Battlefield 2050: Attack of the Robots

Battlefield 2050: Attack of the Robots

Photo by: U.S. Army

The battlefield of the not-too-distant future is likely to be crowded with “all manner of robots” that “greatly outnumber human fighters,” a new Army report predicts.

Flesh-and-blood troops remaining in the fight will be “super humans” who are “physically and mentally augmented with enhanced capabilities” to heighten their senses, improve situational awareness, and boost interaction with fellow soldiers, according to the U.S. Army Research Laboratory workshop report, “Visualizing the Tactical Ground Battlefield in the Year 2050.”

It sounds like science fiction. But  workshop participants—dozens of academic researchers in both the private sector and DoD—launched their discussions from this starting point: “Imagine that you were asleep from 2015 until 2050. Upon awaking, you found yourself in the middle of an ongoing battle. What do you see? How different is it from what you might have seen in 2015?”

The side that prevails in the warfare of 2050 will be the one that most successfully develops new command-and-control concepts and approaches to field “an effective hybrid cognitive architecture” to manage robotic assets, the report said.

This architecture will have to leverage the strengths of enhanced artificial and human intelligence alongside the development of new robotic, communications, information and systems technologies, including such far-out concepts as directed-energy weapons, force fields and even “invisibility cloaks.”

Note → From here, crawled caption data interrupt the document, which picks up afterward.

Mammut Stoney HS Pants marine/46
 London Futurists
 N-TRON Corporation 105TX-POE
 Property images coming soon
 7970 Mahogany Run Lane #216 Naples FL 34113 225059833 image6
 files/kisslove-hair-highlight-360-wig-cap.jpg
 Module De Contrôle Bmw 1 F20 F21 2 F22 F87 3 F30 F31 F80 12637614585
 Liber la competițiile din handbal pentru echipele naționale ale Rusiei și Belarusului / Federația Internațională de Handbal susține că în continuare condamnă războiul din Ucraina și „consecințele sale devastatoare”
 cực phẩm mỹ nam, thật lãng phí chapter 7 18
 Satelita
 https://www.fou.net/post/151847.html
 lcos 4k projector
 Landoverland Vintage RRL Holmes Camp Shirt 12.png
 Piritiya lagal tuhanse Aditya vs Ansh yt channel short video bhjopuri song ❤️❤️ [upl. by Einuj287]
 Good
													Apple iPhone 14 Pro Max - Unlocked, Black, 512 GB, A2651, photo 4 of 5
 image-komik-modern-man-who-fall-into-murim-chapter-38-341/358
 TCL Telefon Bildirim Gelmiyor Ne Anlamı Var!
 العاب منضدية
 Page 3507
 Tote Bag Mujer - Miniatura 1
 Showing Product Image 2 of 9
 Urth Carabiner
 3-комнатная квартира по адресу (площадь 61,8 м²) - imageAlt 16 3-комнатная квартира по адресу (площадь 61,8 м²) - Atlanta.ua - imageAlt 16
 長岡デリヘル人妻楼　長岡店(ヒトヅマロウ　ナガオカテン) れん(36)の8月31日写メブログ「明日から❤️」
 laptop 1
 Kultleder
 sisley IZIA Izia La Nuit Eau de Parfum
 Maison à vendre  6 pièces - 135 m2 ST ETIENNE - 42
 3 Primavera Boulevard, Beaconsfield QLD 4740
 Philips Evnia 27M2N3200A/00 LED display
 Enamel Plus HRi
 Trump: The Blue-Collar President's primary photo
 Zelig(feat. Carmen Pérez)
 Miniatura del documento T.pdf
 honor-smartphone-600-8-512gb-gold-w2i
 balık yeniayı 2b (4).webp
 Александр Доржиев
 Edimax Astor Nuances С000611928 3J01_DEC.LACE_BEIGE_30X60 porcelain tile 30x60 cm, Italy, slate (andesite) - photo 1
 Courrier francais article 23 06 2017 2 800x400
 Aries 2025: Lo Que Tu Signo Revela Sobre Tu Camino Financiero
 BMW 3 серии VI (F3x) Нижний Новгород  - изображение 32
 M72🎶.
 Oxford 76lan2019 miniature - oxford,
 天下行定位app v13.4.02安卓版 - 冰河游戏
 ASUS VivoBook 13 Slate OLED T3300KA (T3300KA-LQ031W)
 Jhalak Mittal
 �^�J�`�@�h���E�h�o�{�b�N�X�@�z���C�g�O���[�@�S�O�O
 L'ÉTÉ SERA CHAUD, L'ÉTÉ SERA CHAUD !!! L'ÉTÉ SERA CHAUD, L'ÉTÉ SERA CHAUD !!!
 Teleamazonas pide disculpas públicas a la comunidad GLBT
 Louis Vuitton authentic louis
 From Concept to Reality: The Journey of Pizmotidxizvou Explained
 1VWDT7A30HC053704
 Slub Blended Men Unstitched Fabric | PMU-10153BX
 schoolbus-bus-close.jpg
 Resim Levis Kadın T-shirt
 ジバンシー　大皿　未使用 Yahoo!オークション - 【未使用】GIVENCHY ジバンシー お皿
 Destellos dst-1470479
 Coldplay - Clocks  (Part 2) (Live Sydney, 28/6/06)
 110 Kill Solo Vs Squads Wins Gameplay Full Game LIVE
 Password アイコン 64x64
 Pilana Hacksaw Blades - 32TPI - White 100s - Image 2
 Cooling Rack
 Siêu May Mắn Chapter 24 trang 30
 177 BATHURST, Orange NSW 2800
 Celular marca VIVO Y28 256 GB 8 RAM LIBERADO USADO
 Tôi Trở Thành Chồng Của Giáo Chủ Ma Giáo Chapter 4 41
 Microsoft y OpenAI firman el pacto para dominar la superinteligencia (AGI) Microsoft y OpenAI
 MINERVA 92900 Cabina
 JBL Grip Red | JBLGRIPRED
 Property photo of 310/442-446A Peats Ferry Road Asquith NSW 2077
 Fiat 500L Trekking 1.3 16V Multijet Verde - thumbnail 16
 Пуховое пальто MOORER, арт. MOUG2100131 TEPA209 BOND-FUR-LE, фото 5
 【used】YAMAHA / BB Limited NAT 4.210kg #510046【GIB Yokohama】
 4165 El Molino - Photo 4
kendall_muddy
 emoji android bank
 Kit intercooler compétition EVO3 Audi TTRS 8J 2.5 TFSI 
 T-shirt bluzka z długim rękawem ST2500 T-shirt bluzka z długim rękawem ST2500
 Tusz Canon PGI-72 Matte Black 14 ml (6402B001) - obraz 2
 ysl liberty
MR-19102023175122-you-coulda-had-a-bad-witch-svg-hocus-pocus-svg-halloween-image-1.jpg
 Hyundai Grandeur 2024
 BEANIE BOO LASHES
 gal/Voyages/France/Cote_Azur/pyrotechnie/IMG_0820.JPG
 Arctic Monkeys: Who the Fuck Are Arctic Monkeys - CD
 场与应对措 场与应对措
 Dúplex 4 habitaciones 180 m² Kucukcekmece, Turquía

As this complex architecture evolves, “the traditional balance between offense and defense may shift as it becomes more difficult for the defense to keep up,” the report notes.

One potential concern, the report said, is that as the future battlefield becomes increasingly information-rich, directed misinformation attacks will become tougher to detect. “Thus, a little well-placed misinformation could go a long way to undermine appropriate trust, sow confusion, delay decisions, and make decisions more likely to be in error.”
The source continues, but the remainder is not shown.